▸ BRIEF:
Nothing but the lines from the one containing "Bluetooth 5.3 Receiver" through the last line of the entries should appear in the output, each verbatim.

[Recorded data]
============
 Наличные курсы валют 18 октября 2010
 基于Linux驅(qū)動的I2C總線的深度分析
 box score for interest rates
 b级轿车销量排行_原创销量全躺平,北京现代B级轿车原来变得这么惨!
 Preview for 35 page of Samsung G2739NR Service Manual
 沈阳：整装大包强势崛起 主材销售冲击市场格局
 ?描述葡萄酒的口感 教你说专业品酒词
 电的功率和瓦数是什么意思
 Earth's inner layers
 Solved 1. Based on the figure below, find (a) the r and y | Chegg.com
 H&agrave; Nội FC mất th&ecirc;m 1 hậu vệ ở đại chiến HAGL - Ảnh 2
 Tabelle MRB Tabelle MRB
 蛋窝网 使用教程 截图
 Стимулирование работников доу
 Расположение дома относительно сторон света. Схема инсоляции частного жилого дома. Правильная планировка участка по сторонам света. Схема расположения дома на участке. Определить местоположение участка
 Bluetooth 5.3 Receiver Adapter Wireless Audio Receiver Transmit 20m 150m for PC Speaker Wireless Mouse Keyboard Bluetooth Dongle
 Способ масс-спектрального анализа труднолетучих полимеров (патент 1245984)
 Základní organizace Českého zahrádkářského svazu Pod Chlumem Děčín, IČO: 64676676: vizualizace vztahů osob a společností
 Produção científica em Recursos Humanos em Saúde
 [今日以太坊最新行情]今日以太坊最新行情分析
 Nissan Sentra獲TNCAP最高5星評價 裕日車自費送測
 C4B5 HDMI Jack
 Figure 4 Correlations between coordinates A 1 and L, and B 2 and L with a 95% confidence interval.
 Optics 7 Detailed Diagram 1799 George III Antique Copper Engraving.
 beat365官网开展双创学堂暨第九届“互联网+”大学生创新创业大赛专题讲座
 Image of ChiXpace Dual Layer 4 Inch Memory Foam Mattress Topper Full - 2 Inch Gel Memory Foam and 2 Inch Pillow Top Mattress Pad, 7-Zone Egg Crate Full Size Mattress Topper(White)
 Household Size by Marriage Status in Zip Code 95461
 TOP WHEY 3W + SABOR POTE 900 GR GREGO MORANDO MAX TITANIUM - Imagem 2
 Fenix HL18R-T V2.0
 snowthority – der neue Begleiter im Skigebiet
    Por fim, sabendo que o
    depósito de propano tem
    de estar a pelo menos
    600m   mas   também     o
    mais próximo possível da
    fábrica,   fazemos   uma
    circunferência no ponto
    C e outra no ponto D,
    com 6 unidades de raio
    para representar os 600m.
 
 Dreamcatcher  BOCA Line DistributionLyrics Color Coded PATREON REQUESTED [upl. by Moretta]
============
▸ ANSWER TO THIS TASK:
 Bluetooth 5.3 Receiver Adapter Wireless Audio Receiver Transmit 20m 150m for PC Speaker Wireless Mouse Keyboard Bluetooth Dongle
 Способ масс-спектрального анализа труднолетучих полимеров (патент 1245984)
 Základní organizace Českého zahrádkářského svazu Pod Chlumem Děčín, IČO: 64676676: vizualizace vztahů osob a společností
 Produção científica em Recursos Humanos em Saúde
 [今日以太坊最新行情]今日以太坊最新行情分析
 Nissan Sentra獲TNCAP最高5星評價 裕日車自費送測
 C4B5 HDMI Jack
 Figure 4 Correlations between coordinates A 1 and L, and B 2 and L with a 95% confidence interval.
 Optics 7 Detailed Diagram 1799 George III Antique Copper Engraving.
 beat365官网开展双创学堂暨第九届“互联网+”大学生创新创业大赛专题讲座
 Image of ChiXpace Dual Layer 4 Inch Memory Foam Mattress Topper Full - 2 Inch Gel Memory Foam and 2 Inch Pillow Top Mattress Pad, 7-Zone Egg Crate Full Size Mattress Topper(White)
 Household Size by Marriage Status in Zip Code 95461
 TOP WHEY 3W + SABOR POTE 900 GR GREGO MORANDO MAX TITANIUM - Imagem 2
 Fenix HL18R-T V2.0
 snowthority – der neue Begleiter im Skigebiet
    Por fim, sabendo que o
    depósito de propano tem
    de estar a pelo menos
    600m   mas   também     o
    mais próximo possível da
    fábrica,   fazemos   uma
    circunferência no ponto
    C e outra no ponto D,
    com 6 unidades de raio
    para representar os 600m.
 
 Dreamcatcher  BOCA Line DistributionLyrics Color Coded PATREON REQUESTED [upl. by Moretta]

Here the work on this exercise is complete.